• [RECORDED DATA]:
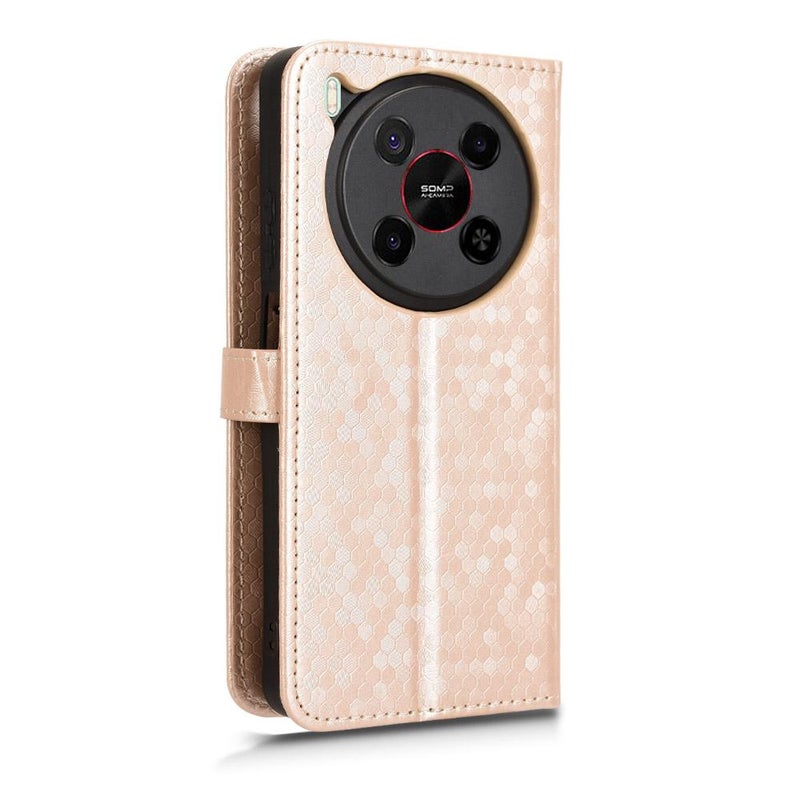 HuHa Case Cover For ZTE Blade V70 Max Honeycomb Dot Texture Leather Phone Case(Gold) - Image 3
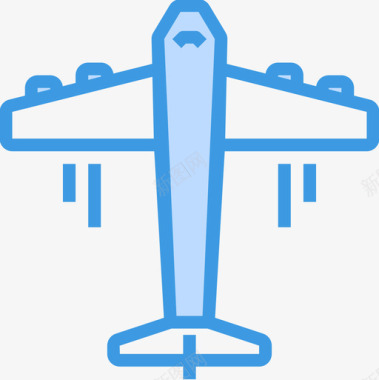 飞机智能技术8蓝色图标图标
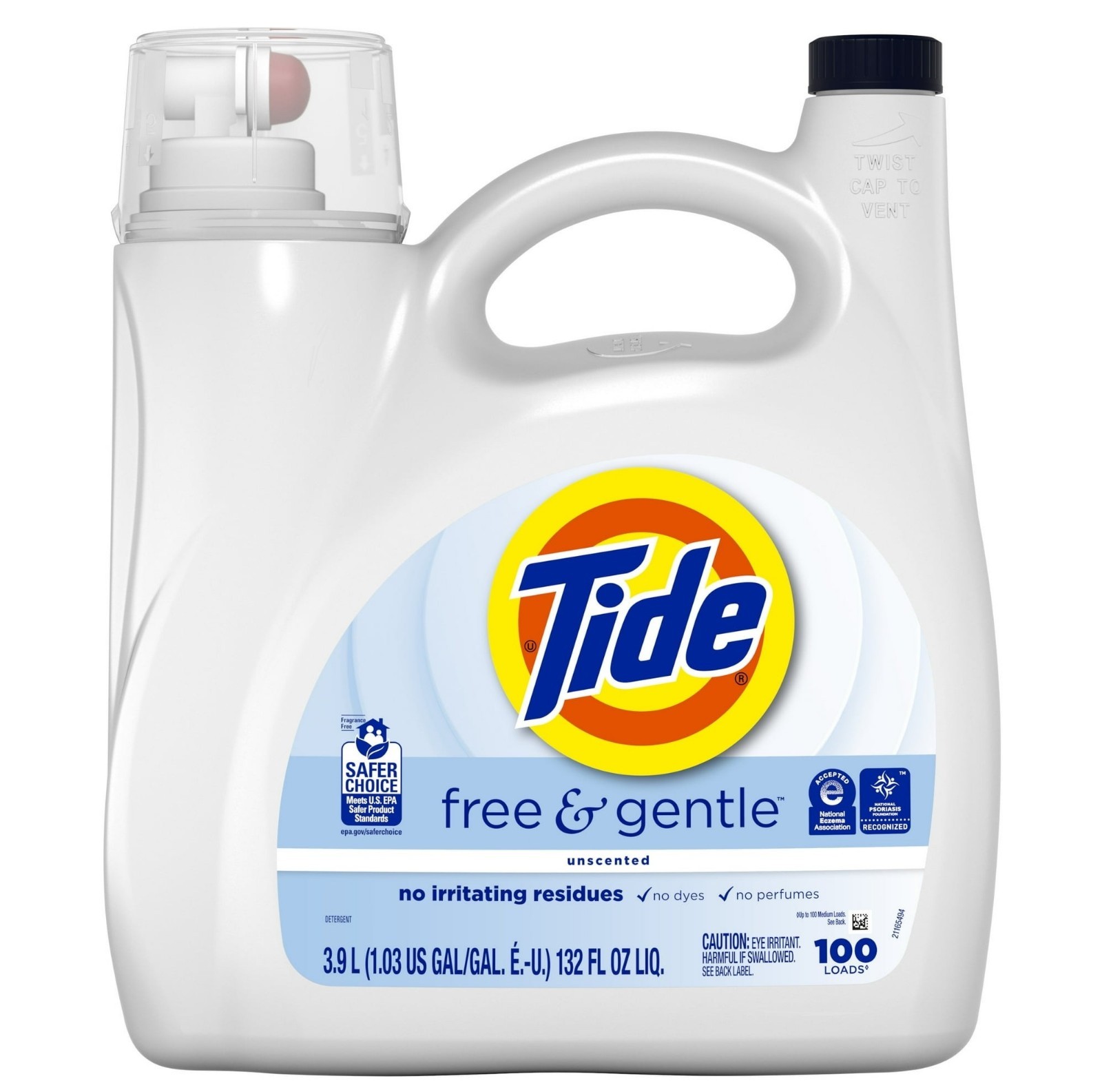 Tide Free & Gentle Liquid Laundry Detergent, 132 fl oz, enough for 100 loads gallery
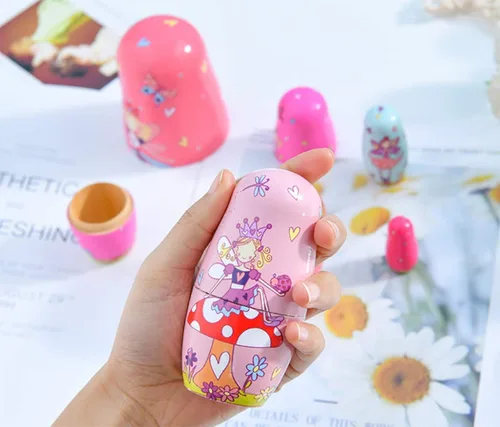 Vista 3 de Muñecas de anidación de ángel rojo rosa Matryoshka de madera rusa, juego de 5 piezas para niños y niñas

• [ASSIGNMENT]:
Your copy should match the material above exactly, minus its pictures.

• [YOUR RESPONSE]:
 HuHa Case Cover For ZTE Blade V70 Max Honeycomb Dot Texture Leather Phone Case(Gold) - Image 3
 飞机智能技术8蓝色图标图标
 Tide Free & Gentle Liquid Laundry Detergent, 132 fl oz, enough for 100 loads gallery
 Vista 3 de Muñecas de anidación de ángel rojo rosa Matryoshka de madera rusa, juego de 5 piezas para niños y niñas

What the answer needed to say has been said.